Your job is to give again, exactly and with no additions, the lines in the records below from the one with "Beautiful Dining Table" through the one with "142 Kendall Street Property Photo 27", both included. Omit the pictures.
== RECORDS TO USE
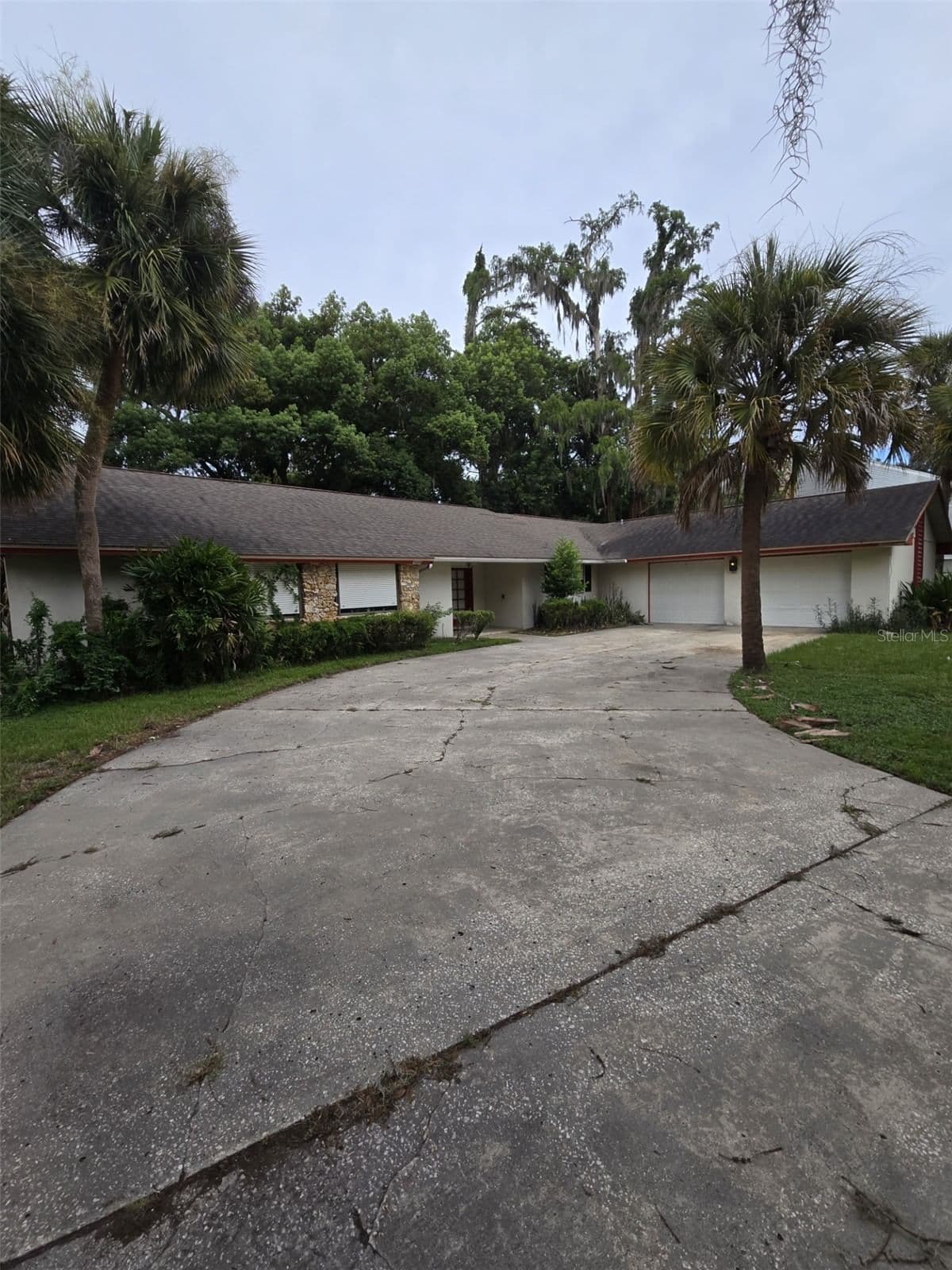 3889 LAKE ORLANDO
====
== RECORDS TO USE
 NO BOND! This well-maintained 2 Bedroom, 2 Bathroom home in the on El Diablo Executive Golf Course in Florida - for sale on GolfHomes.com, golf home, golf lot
====
== RECORDS TO USE
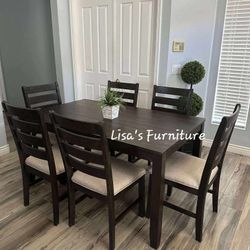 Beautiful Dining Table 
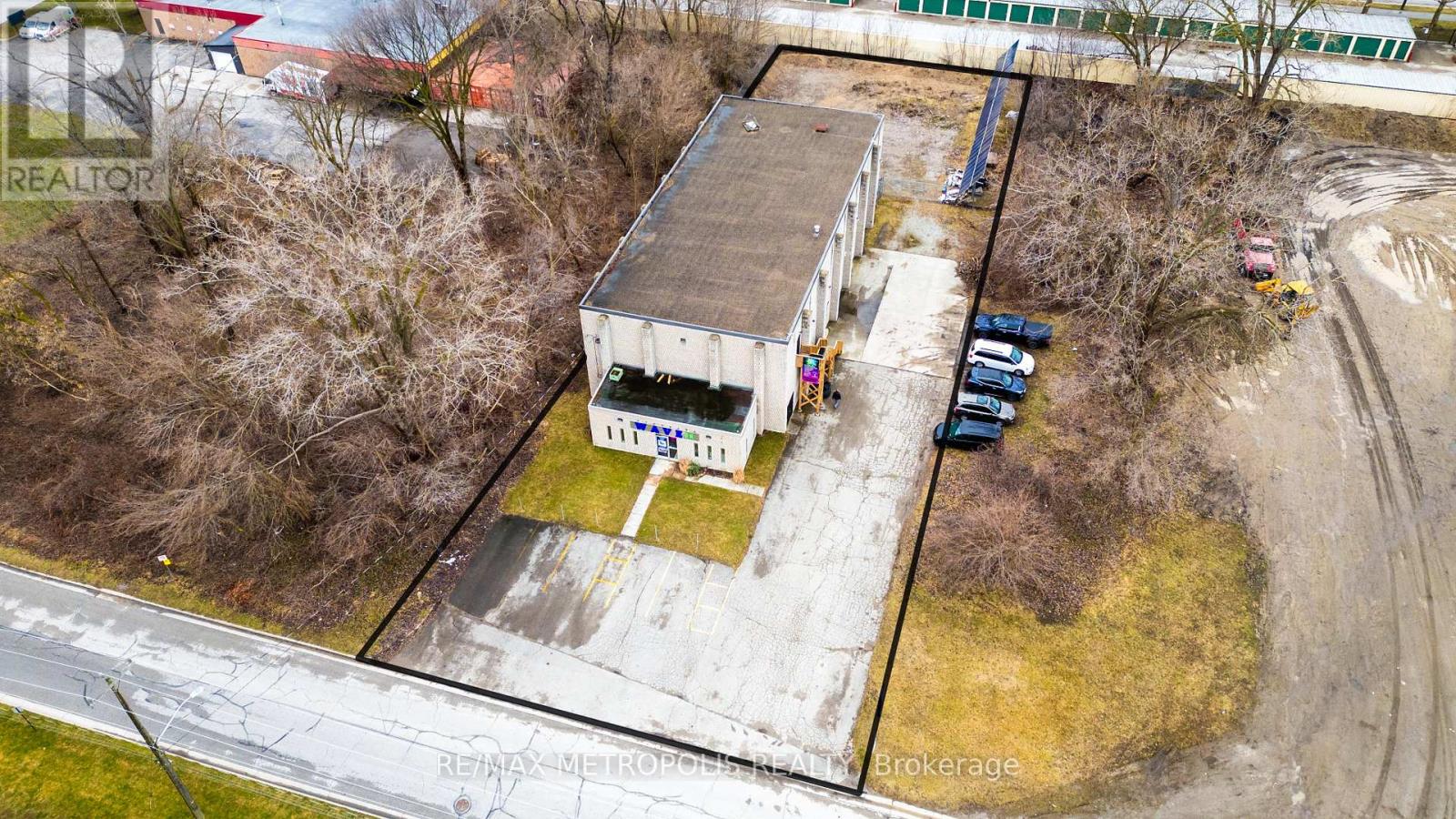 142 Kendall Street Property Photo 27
====
SOLUTION TO THE EXERCISE -
 Beautiful Dining Table 
 142 Kendall Street Property Photo 27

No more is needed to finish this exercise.